1
votes

I am using Google Pub/Sub client v2.2.0 in python3.6 as a Subscriber.

I want my application to shutdown gracefully after acking all the messages it already received.

Sample code for a subscriber from Google's guide with minor changes that will show my issue:

from concurrent.futures import TimeoutError
from google.cloud import pubsub_v1
from time import sleep

# TODO(developer)
# project_id = "your-project-id"
# subscription_id = "your-subscription-id"
# Number of seconds the subscriber should listen for messages
# timeout = 5.0

subscriber = pubsub_v1.SubscriberClient()
# The `subscription_path` method creates a fully qualified identifier
# in the form `projects/{project_id}/subscriptions/{subscription_id}`
subscription_path = subscriber.subscription_path(project_id, subscription_id)

def callback(message):
    print(f"Received {message}.")
    sleep(30)
    message.ack()
    print("Acked")

streaming_pull_future = subscriber.subscribe(subscription_path, callback=callback)
print(f"Listening for messages on {subscription_path}..\n")
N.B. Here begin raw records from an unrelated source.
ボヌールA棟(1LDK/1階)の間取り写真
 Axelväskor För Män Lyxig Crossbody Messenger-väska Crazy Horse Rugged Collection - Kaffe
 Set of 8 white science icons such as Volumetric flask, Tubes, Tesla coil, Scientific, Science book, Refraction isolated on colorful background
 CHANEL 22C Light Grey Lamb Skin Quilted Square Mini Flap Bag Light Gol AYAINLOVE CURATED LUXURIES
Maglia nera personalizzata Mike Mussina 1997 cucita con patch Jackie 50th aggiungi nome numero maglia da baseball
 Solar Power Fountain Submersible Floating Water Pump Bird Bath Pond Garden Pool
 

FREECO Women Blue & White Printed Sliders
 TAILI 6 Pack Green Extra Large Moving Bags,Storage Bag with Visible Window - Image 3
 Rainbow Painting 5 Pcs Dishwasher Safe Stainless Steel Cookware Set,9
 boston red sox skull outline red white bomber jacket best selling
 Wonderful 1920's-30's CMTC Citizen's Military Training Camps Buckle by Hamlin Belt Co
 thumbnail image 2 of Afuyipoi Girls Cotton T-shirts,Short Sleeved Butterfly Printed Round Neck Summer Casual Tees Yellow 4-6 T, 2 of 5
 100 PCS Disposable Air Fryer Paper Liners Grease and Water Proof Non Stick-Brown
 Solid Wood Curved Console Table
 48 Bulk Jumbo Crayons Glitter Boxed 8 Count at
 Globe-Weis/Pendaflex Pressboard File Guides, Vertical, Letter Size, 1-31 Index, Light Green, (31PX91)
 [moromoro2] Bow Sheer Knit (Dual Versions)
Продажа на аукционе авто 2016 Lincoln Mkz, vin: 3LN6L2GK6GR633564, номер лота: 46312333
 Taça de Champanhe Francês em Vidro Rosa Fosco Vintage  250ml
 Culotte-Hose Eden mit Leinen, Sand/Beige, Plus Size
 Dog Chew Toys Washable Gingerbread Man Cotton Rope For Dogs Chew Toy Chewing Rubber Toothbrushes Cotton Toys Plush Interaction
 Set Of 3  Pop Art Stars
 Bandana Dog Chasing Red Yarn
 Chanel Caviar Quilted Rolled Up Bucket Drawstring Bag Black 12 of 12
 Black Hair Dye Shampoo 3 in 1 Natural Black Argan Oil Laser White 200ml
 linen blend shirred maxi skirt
# Wrap subscriber in a 'with' block to automatically call close() when done.
with subscriber:
    sleep(10)
    streaming_pull_future.cancel()
    streaming_pull_future.result()

From https://cloud.google.com/pubsub/docs/pull

I expect this code to stop pulling messages and finish the running messages and then exits.

Actually this code stops pulling messages and finish executing the running messages but it does not ack the messages. The .ack() happens but the server does not receive the ack, so next run the same messages return again.

1. Why doesn't the server receives the ack?

2. How to gracefully shutdown the subscriber?

3. What is the expected behavior of .cancel()?

1
I had a look on the library, the stop process (cancel) wait the end of all the thread. I though to something else: What's your ack deadline of your subscription?guillaume blaquiere
@guillaumeblaquiere My ack deadline is the default which is 600 secondsMontoya
@JohnHanley even with 60 seconds sleep the ack still not happening.Montoya
The SIGTERM is happening in a much more complicated code, so i made a simple example without it.Montoya
In my real application I am using sigterm handler to call .cancel(). Here with a much simpler code the without sigterm (handling or calling) I am observing the same behaviour of messages that are not being acked after the cancel. Writing the sigterm in the question is confusing I will remove it.Montoya

1 Answers

5
votes

Update (v2.4.0+)

The client version 2.4.0 added a new optional parameter await_msg_callbacks to the streaming pull future's cancel() method. If set to True, the method will block until all currently executing message callbacks are done and the background message stream has been shut down (the default is False).

try:
    streaming_pull_future.result()
except KeyboardInterrupt:
    streaming_pull_future.cancel(await_msg_callbacks=True)  # blocks until done

A couple of release notes:

  • Waiting on callbacks means that any message ACKs generated in them will still be processed (read: sent to the backend).
  • If await_msg_callbacks is False or not given, the shutdown will proceed without waiting. The callbacks might still be running in the background after cancel() returns, but any ACKs generated by them will have no effect, as there won't be any thread running anymore to dispatch the ACK requests to the backend.
  • Messages sitting in the client's internal queues are now automatically NACK-ed on shutdown. This happens regardless of the await_msg_callbacks value.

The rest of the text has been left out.